Please repeat the line that has "Konferencja prasowa ministra" and all lines after it, exactly as they appear, through the end of the entries.
-------- PROVIDED DATA --------
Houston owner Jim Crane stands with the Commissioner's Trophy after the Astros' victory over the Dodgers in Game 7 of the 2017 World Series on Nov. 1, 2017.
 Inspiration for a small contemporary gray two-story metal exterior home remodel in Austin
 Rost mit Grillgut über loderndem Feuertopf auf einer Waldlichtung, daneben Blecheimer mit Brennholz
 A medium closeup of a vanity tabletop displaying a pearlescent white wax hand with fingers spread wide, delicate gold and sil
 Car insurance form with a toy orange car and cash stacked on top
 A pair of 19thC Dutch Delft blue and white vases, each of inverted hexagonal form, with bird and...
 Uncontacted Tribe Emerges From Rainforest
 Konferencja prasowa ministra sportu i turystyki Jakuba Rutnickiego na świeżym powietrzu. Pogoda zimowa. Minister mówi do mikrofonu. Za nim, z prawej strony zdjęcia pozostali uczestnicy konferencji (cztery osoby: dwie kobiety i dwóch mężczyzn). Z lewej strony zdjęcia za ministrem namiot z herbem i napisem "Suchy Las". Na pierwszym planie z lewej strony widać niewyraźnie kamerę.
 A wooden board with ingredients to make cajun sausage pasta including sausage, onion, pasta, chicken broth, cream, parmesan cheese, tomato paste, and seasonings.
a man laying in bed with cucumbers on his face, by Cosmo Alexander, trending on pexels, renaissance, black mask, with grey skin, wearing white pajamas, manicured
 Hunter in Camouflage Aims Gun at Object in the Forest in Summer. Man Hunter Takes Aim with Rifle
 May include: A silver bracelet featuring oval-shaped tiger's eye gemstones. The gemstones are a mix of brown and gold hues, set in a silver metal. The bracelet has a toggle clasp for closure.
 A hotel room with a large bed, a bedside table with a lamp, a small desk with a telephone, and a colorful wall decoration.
--------
» SOLUTION FOR THIS EXERCISE:
 Konferencja prasowa ministra sportu i turystyki Jakuba Rutnickiego na świeżym powietrzu. Pogoda zimowa. Minister mówi do mikrofonu. Za nim, z prawej strony zdjęcia pozostali uczestnicy konferencji (cztery osoby: dwie kobiety i dwóch mężczyzn). Z lewej strony zdjęcia za ministrem namiot z herbem i napisem "Suchy Las". Na pierwszym planie z lewej strony widać niewyraźnie kamerę.
 A wooden board with ingredients to make cajun sausage pasta including sausage, onion, pasta, chicken broth, cream, parmesan cheese, tomato paste, and seasonings.
a man laying in bed with cucumbers on his face, by Cosmo Alexander, trending on pexels, renaissance, black mask, with grey skin, wearing white pajamas, manicured
 Hunter in Camouflage Aims Gun at Object in the Forest in Summer. Man Hunter Takes Aim with Rifle
 May include: A silver bracelet featuring oval-shaped tiger's eye gemstones. The gemstones are a mix of brown and gold hues, set in a silver metal. The bracelet has a toggle clasp for closure.
 A hotel room with a large bed, a bedside table with a lamp, a small desk with a telephone, and a colorful wall decoration.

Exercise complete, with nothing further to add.